→ Task goal
Below are the records; copy exactly the stretch from the line containing "JOIE x REVOLVE" through the line containing "Borsa a Mano", both ends included, and nothing else.

--- Supplied records Enclosed Below ---

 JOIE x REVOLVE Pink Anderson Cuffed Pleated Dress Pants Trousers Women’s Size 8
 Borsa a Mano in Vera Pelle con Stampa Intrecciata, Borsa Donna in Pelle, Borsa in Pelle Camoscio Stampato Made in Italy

--- End of Enclosed Supplied records ---
--- Supplied records Enclosed Below ---

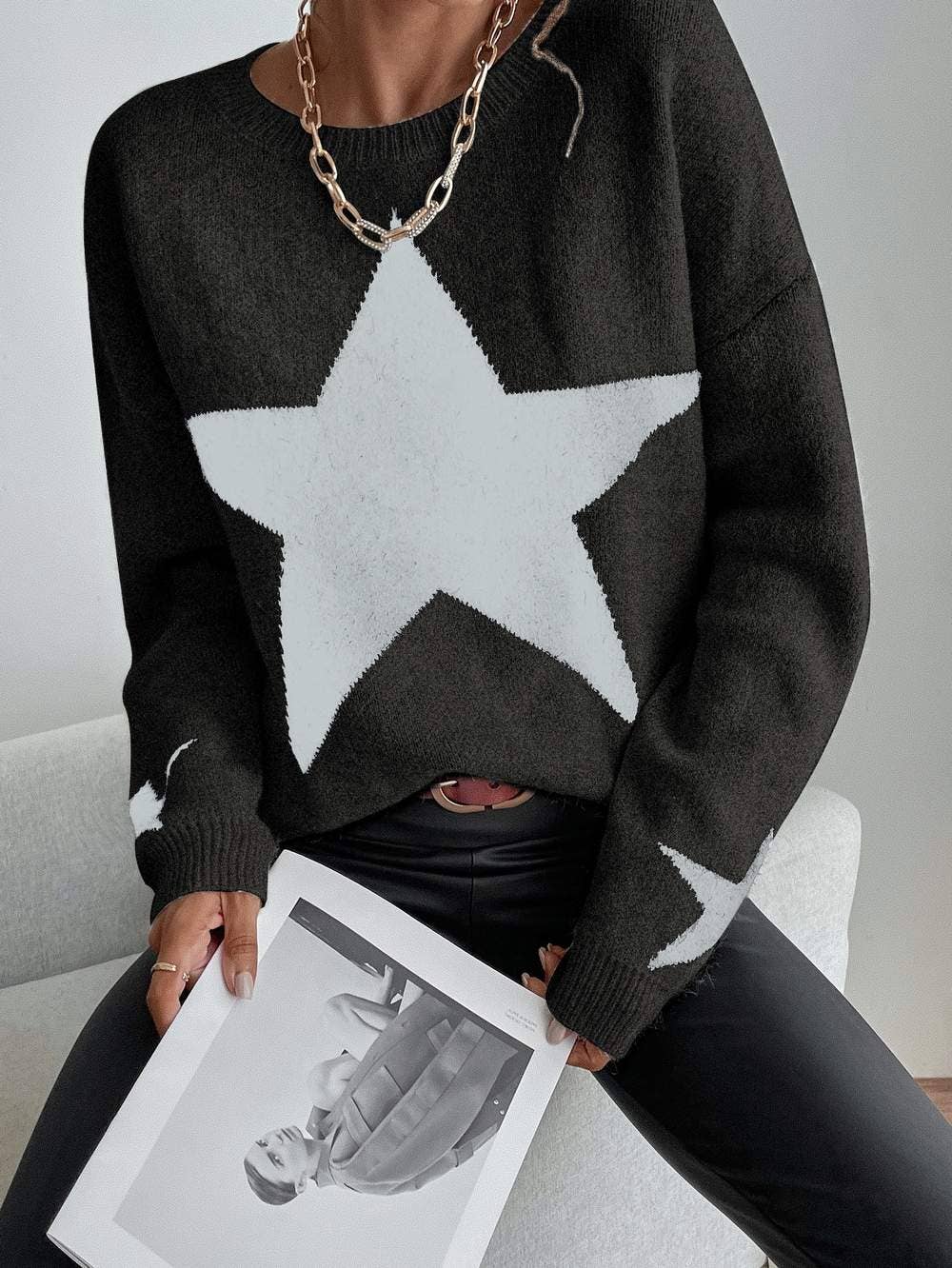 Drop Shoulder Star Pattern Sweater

--- End of Enclosed Supplied records ---

→ Exercise response
 JOIE x REVOLVE Pink Anderson Cuffed Pleated Dress Pants Trousers Women’s Size 8
 Borsa a Mano in Vera Pelle con Stampa Intrecciata, Borsa Donna in Pelle, Borsa in Pelle Camoscio Stampato Made in Italy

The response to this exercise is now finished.